= David Johns =

American painter

David Johns (born 1948) is a Navajo painter from the Seba Dalkai, Arizona, United States.

==Background==
He was born in Winslow, Arizona, United States. As a child, Johns spent many hours with his grandmother herding sheep through their land. During these years, she taught him how to respect and care for the land, plants and animals who enable the Navajo to live, and told him many of the stories that explain how the Navajo came to be and where his parents clans originated. Johns received formal training in fine arts from Northern Arizona University, earning a bachelor's degree in 1982. In 1996, he was awarded an Honorary Doctorate Degree in Humane Letters from Northern Arizona University.

==Artwork==
Johns started selling portraits and landscapes while still in high school. His work combines his formal training with the traditional teachings he learned as a child and the Navajo philosophy of life by which he lives. The symmetry of his paintings reflect this harmony and balance; the colors and textures he creates reflect the beauty of the land from which he comes. His abstract paintings capture life's subtle phenomena such as the sunlight at different times of the day or the emotions brought by each of the four seasons.

In 1987, Johns was approached by long-time mentor Lovena Ohl and Albert Wareing to paint a mural on the dome of Concord Place.

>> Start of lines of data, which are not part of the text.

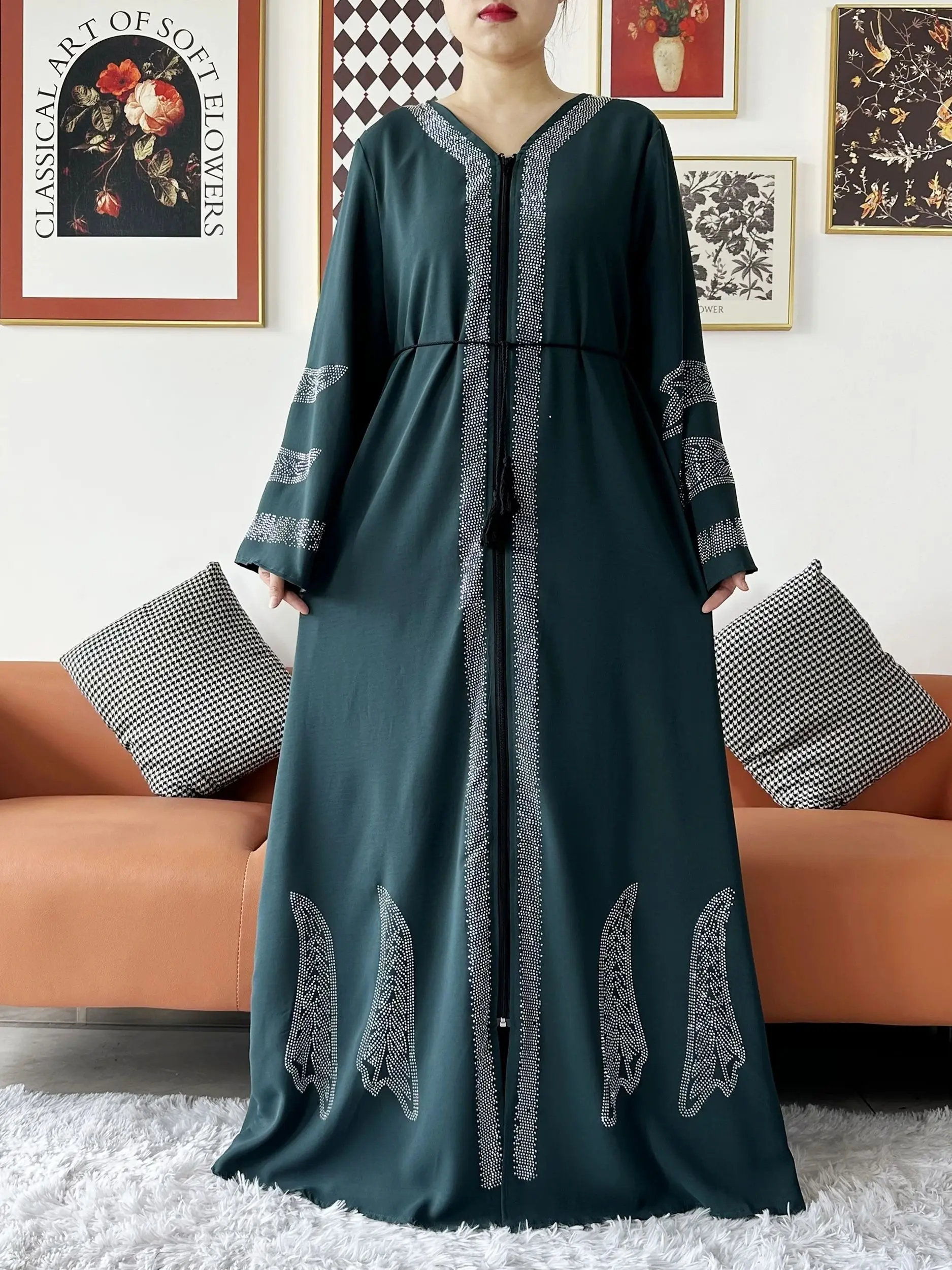 2024 Women Elegant Party Dress Chiffon Open Abaya Muslim Women Dress Islamic Clothing Cardigan Abaya Women Muslim Dress
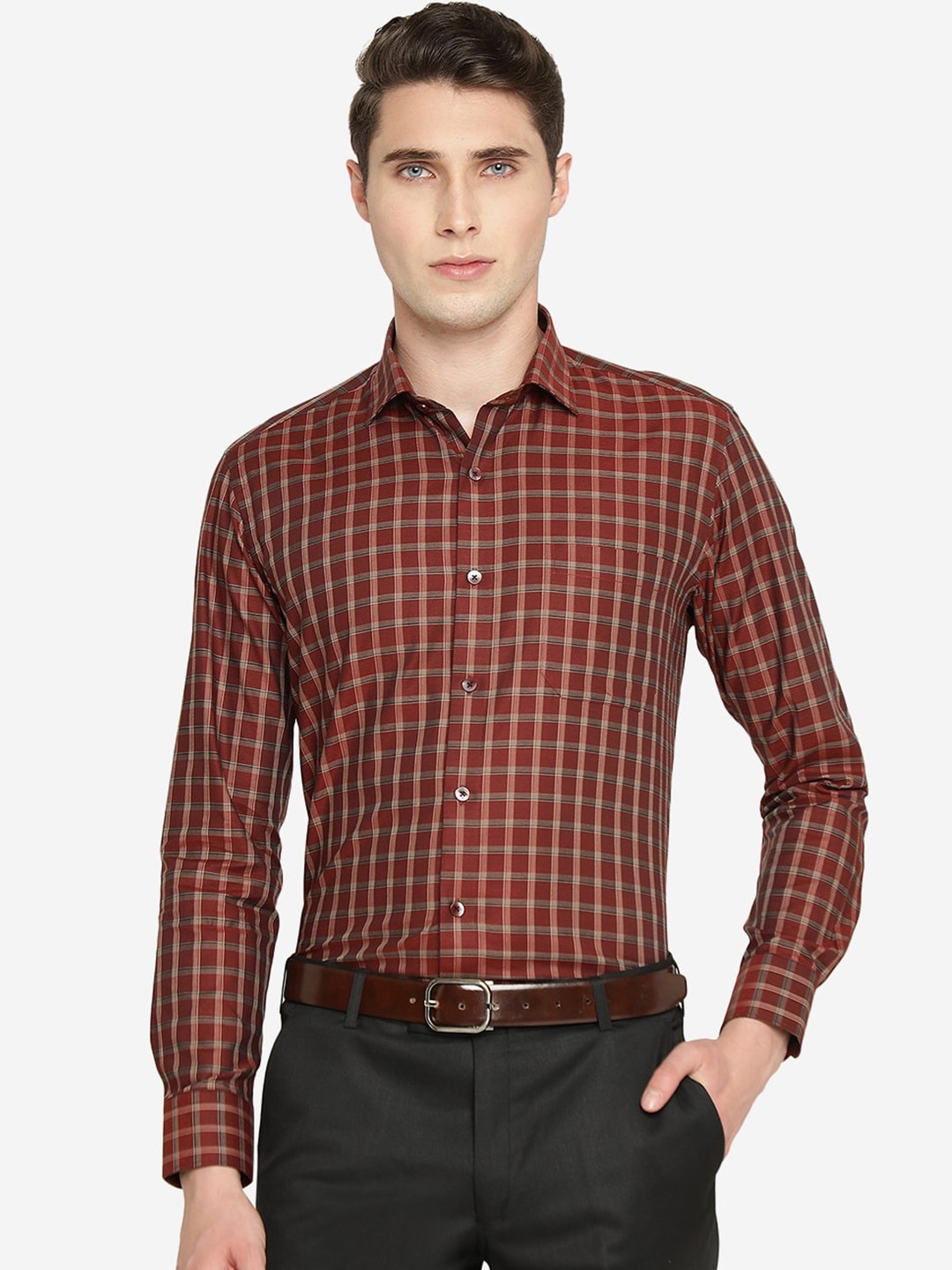 

METAL Slim Fit Windowpane Checks Pure Cotton Formal Shirt, Maroon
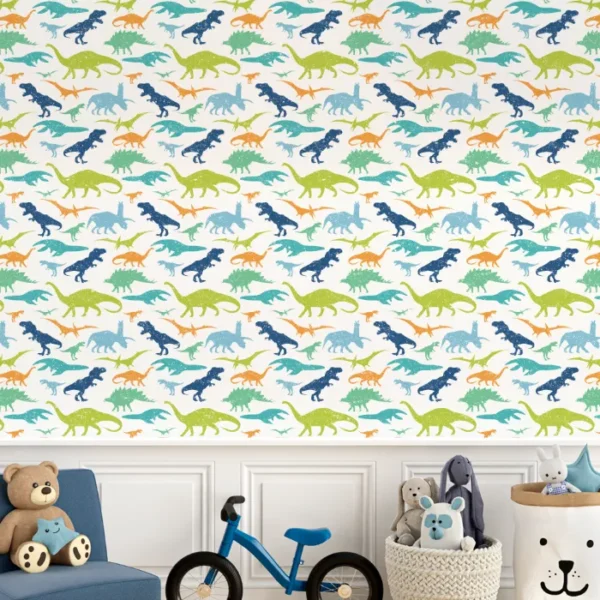 Papel de Parede Infantil Dinossauros Coloridos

The mural covered thirty-six feet in diameter and rose 50 feet in the air, and took 18 months to paint. The mural depicts native peoples in all four directions, presenting indigenous designs and symbols, and portraits of great leaders such as Crazy Horse and Quanah Parker. Noted author N. Scott Momaday wrote of his work at Concord Place, "David Johns is a seer, and he comes very honestly by that gift. In his remarkable artwork, he enables us to see as well. His gift becomes our gift. Here is the essential spirit of creation."

Beginning in 1976, David's work has been exhibited at gallery shows all over the world, with many solo exhibitions including Navajo Tribal Museum, Window Rock, Arizona (1977); C.G. Rein Galleries, Santa Fe, New Mexico (1984); The Concord Place, Phoenix, Arizona (1987); Millicent Rogers Museum, Taos, New Mexico (1993); Palais de Nations, United Nations, Geneva, Switzerland (1999); and the Lanning Gallery, Sedona, Arizona (2006).

David is the Vice President of the Diné Hataałii Association, an organization of Navajo Medicine Men and Women.

==Bibliography==
- Jacka, Lois Essary, Jerry Jacka, N. Scott Momaday. David Johns: On The Trail Of Beauty. Scottsdale, AZ: Snailspace Publishing Inc., 1991. Library of Congress 91–60780.
- Touchette, Charleen, Suzanne Deats, Nancy Stem. NDN Art: Contemporary Native American Art. Albuquerque, NM: Fresco Fine Art Publications Inc., 2003. ISBN 0-9741023-2-6
- Iverson, Peter, Monty Roessel. Diné: A History Of The Navajos. Albuquerque, NM: University of New Mexico Press, 2002. ISBN 0-8263-2714-1.